First-order non-linear ODEs are used where the Right-Hand Side (RHS) of the equation remains convex and continuous, but otherwise, an arbitrary, non-linear function of unknown solution is considered. RHS also contains a parameter that generally may have different values in different physical circumstances.
A specific control objective (boundedness, at all times, of the solution by a specified threshold) is imposed. This control strategy is designed considering the system parameter as a control variable (practically, variation requires control of the system). The methodology for finding a suitable control consists of constructing a majorizing function. The majorizing function provides an upper bound for the RHS of the equation, and thus, due to the basic comparison theorem of ODEs, the solution of the ODE with the majorizing function on the RHS (the “majorized equation”) provides the bounds for the solution of the original ODE. The majorizing function, utilizing analytical solutions of a majorized equation with specific control variable profiles, is constructed.

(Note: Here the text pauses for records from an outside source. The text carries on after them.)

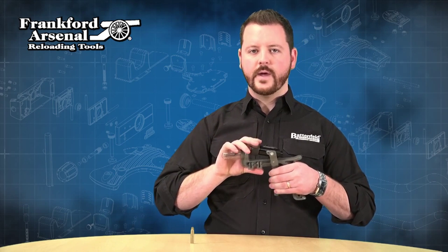As you can see, this is a very efficient way to deprime your brass, and you can take it with you anywhere.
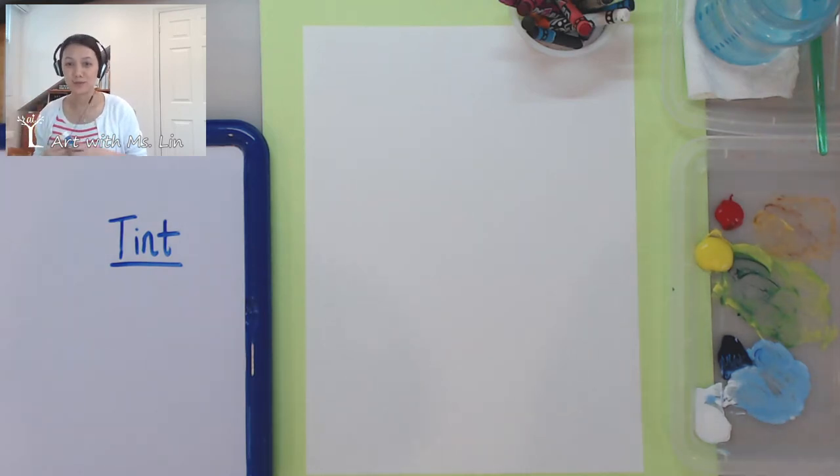Hi everyone, welcome to Art with Ms. Lin. Today we are going to talk about tint.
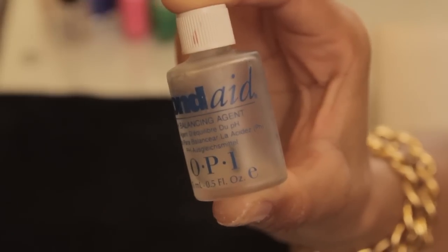Hi everyone, my name is Joy, Licensed Manicurist, and I'm going to answer the question for you all: what does nail primer do? So I have my nail primer here, and basically nail primer serves to dehydrate the nail.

A major result is then obtained by applying the comparison theorem of ODEs. This ensures that the solution of the original, un-majorized equation, with an identical control variable profile, also remains bounded over infinitely large time intervals and, moreover, below an a priori-imposed threshold.
Specific results are obtained and considered an example of the control of thermal explosion. Several explicit control variable profiles are considered, and analytical solutions for majorized equations are obtained for all of them. This provides estimations of the bounded behavior of the solutions of the original ODE under identical control conditions.
In conclusion, control strategies, preventing solution blow-up are constructed for a certain class of ODEs.